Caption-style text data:
------------------------

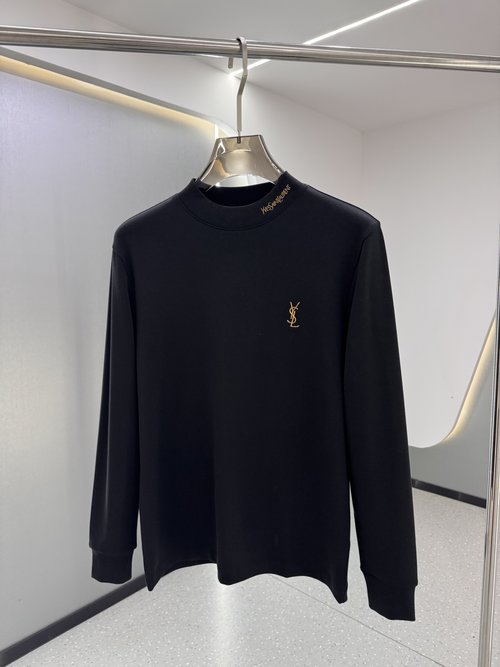 Yves Saint Laurent Trade Order Logo Embroidery Comfortable Base Layer
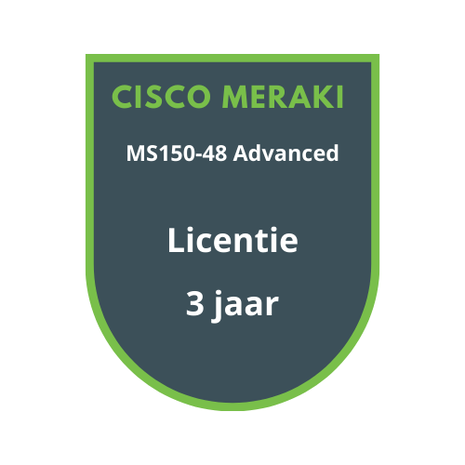 Cisco Meraki MS150-48 Advanced Licentie 3 jaar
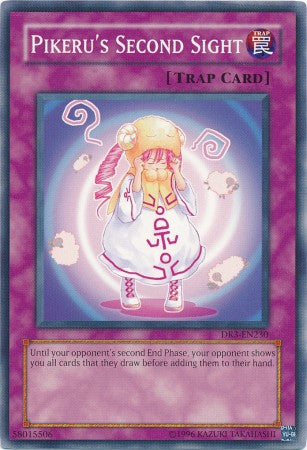 Pikeru's Second Sight [DR3-EN230] Common Yu-Gi-Oh!
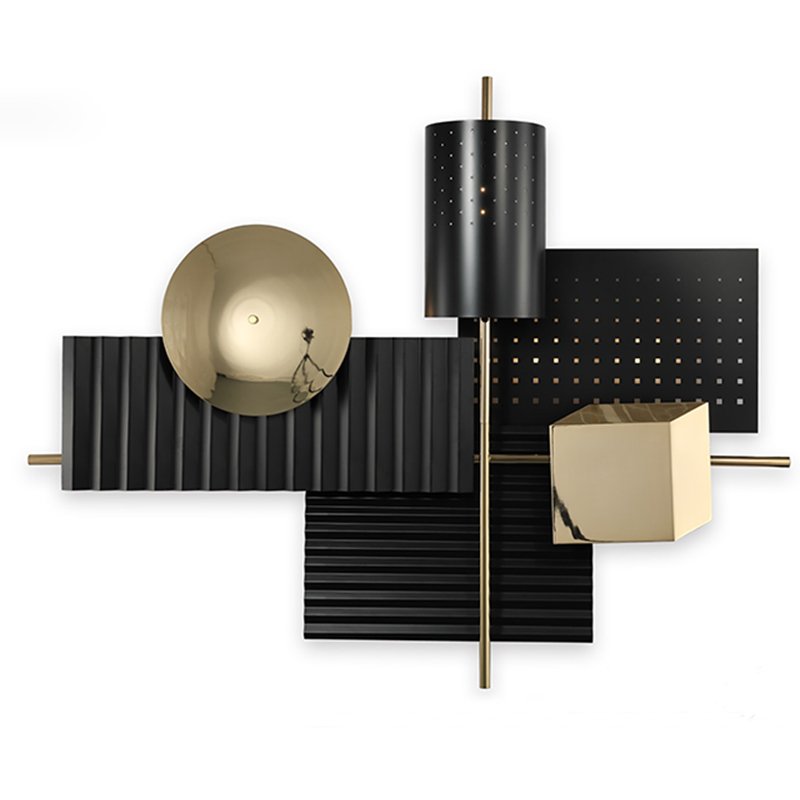 Бра Abstra black&gold Глянцевое золото Черный Бра Abstra black&gold Глянцевое золото Черный в Рязани | Loft Concept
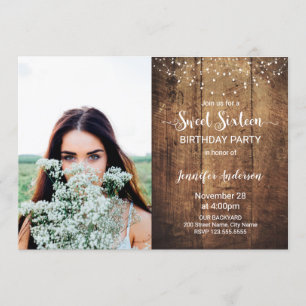 Sweet sixteen Invitation d'anniversaire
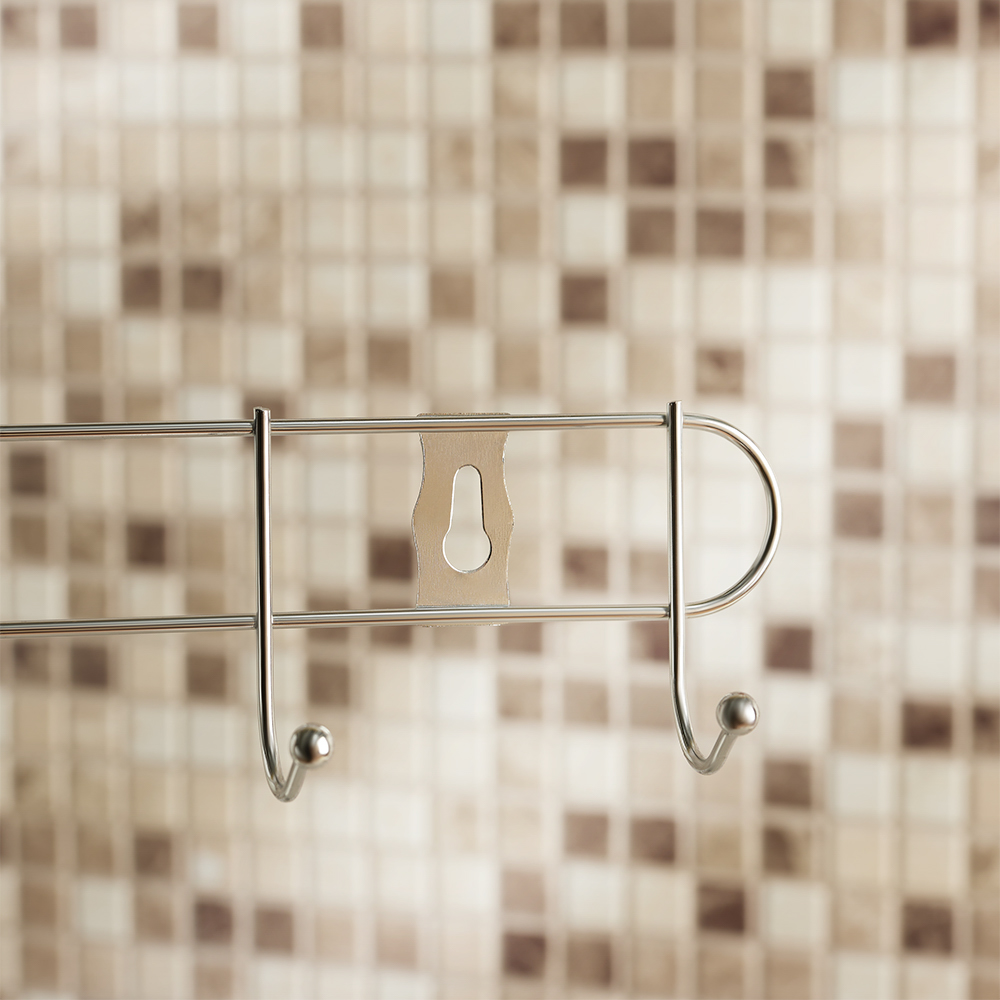 Вешалка настенная тм VETTA, 6 крючков, металл, 32,5х5х3,5см, арт.№ 465-165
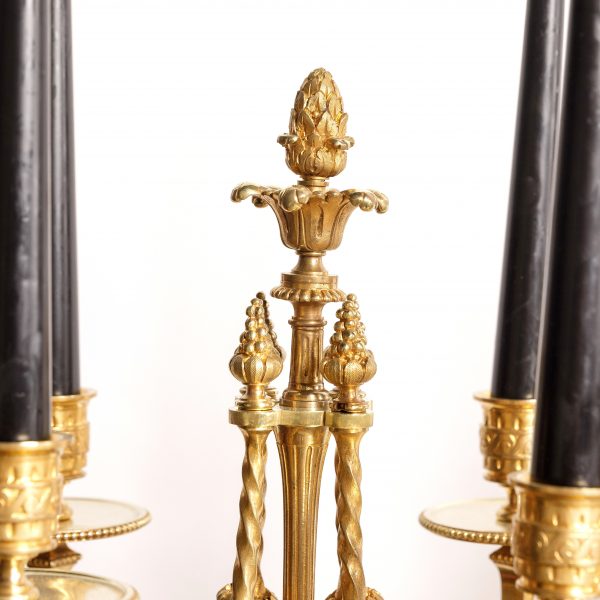 Napoleon III stiliaus paauksuotos žvakidės
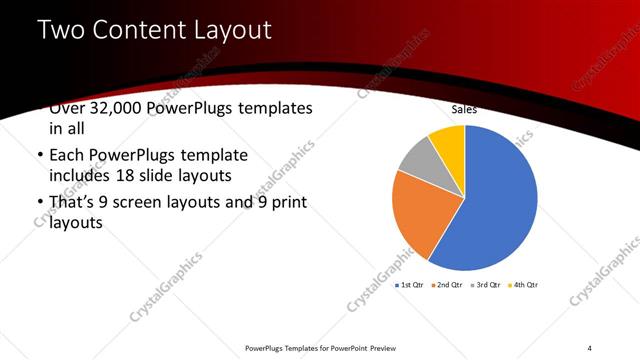Two Content presentation slide layout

------------------------

◆ **What you have to do**: Your task is to transcribe, exactly and without additions, every line from the one that contains "Napoleon III stiliaus paauksuotos žvakidės" to the end of the entries above, both included. Omit all pictures.

◆ **Solution for this task**:
 Napoleon III stiliaus paauksuotos žvakidės
Two Content presentation slide layout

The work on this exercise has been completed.